Your reply should consist only of the lines from the one holding "Hund Border Collie" to the last line of the data below, written out exactly and without pictures.

(Captioned web images)
# # # # #
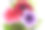 五颜六色的矮牵牛花在花盆里。图片下载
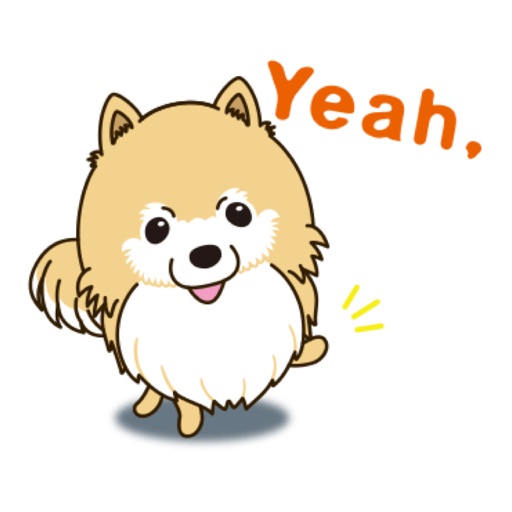 Pomeranian Dog Stickers icon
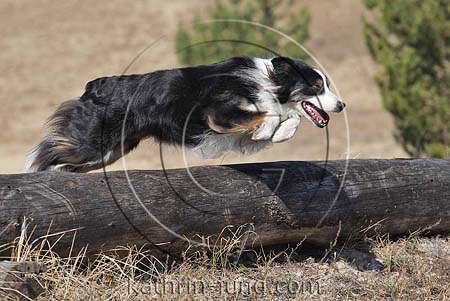 Hund Border Collie fliegt springt über Baumstamm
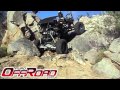 Ver Video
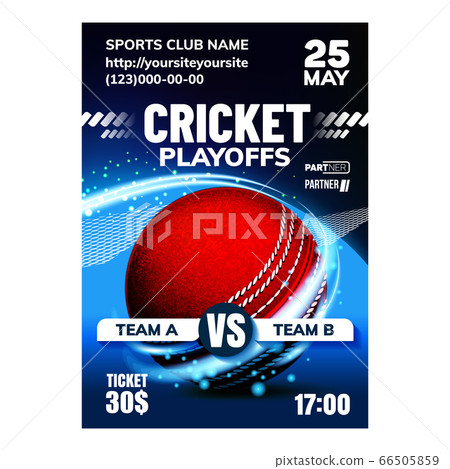 Cricket Sport Announcement Flyer Banner Vector 66505859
# # # # #
◆ **Exercise result**
 Hund Border Collie fliegt springt über Baumstamm
 Ver Video
 Cricket Sport Announcement Flyer Banner Vector 66505859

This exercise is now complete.